Prioritization of Events

To measure impact to population health, fatalities and injuries are counted together; similarly for economic damages, property damage and agricultural (crop) damage is summed.

stormDB$POPULATIONIMPACT=stormDB$FATALITIES+stormDB$INJURIES
stormDB$ECONOMICIMPACT=stormDB$PROPDMG+stormDB$CROPDMG

I would like to compare the impact of different event types by summing their impact, low impact events might be as effective as a high impact event if it happens frequently.

population <- aggregate(POPULATIONIMPACT ~ EVTYPE, data = stormDB, FUN = sum)
population <- population[order(-population$POPULATIONIMPACT), ]

economic <- aggregate(ECONOMICIMPACT ~ EVTYPE, data = stormDB, FUN = sum)
economic <- economic[order(-economic$ECONOMICIMPACT), ]

The number of NOAA Event types makes drawing all results into one figure for comparison not practicle.

Due to this reason top 5 events should give us a good prioritization on type of events which we should be more concerned.

populationTop5 <- population[1:5, ]
economicTop5 <- economic[1:5, ]

Results

Top 5 NOAA event types impacting US population health and economy from the beginning of year 2000 are presented as bar charts below:

Top 5 NOAA Event Types Impacting Health of US Population

par(mfrow = c(1, 1), mar = c(12, 4, 3, 2), mgp = c(3, 1, 0), cex = 0.8)
barplot(populationTop5$POPULATIONIMPACT, las = 3, names.arg = populationTop5$EVTYPE, main = "Across the United States, top 5 events which are most harmful with respect to population health", ylab = "number of injuries or fatalities", col = "red")

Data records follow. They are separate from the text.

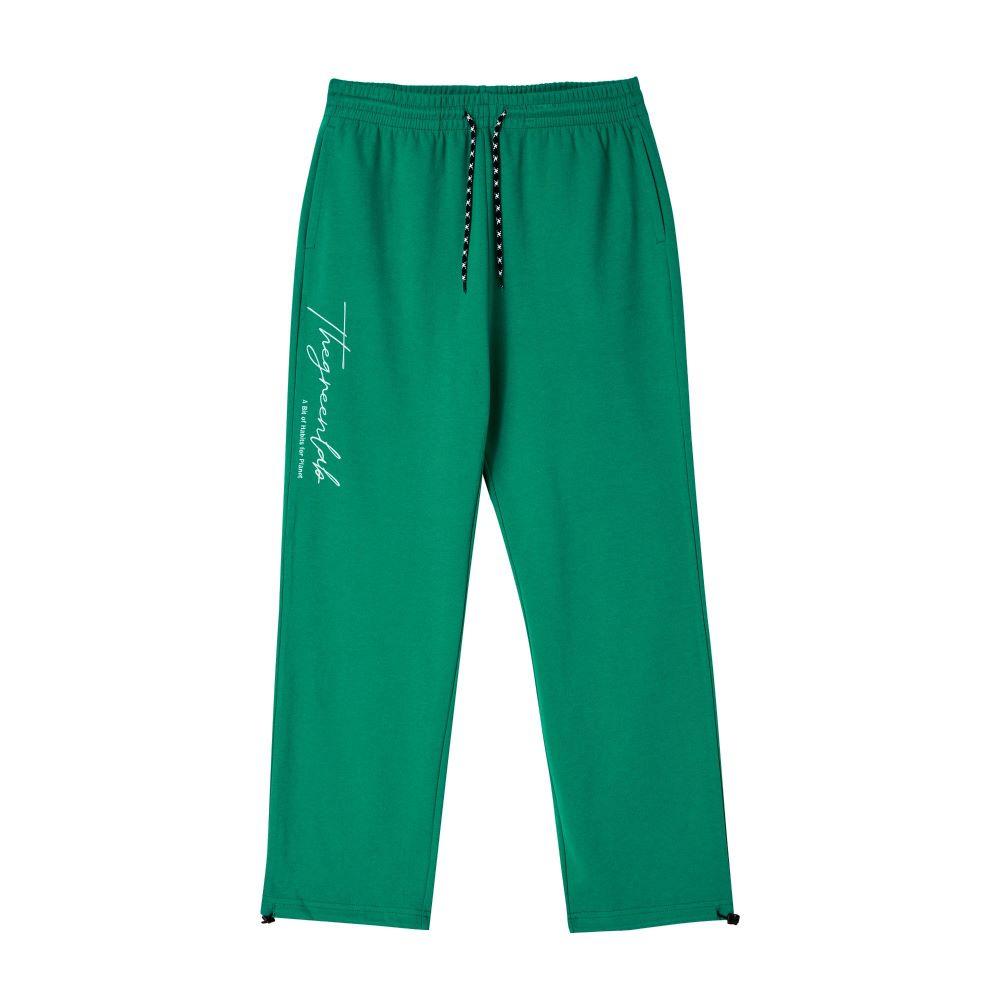 THE GREEN LAB Oversized String Jogger Pants [Green]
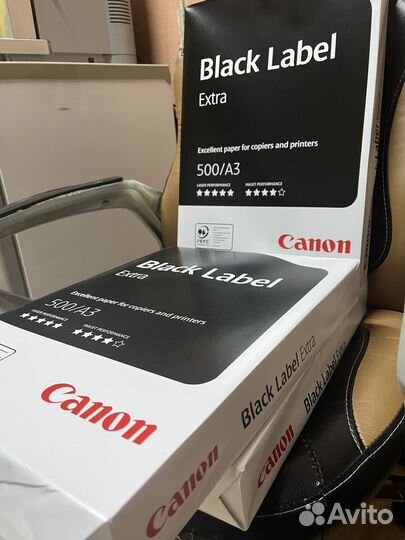 Бумага canon black label extra А3, 80 гр/М², 500 Л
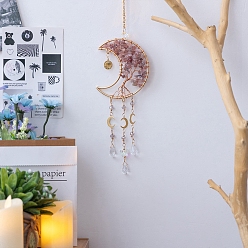 Клубничный Кварц Подвески из натурального клубничного кварца, стеклянные ловцы солнца, шаровая призма для потолочной люстры, древо жизни, упаковка: 90x90x90 мм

Top 5 NOAA Event Types Impacting US Economy

par(mfrow = c(1, 1), mar = c(12, 4, 3, 2), mgp = c(3, 1, 0), cex = 0.8)
barplot(economicTop5$ECONOMICIMPACT/1000000000, las = 3, names.arg = economicTop5$EVTYPE, main = "Across the United States, which types of events have the greatest economic consequences?", ylab = "Billions of USD", col = "green")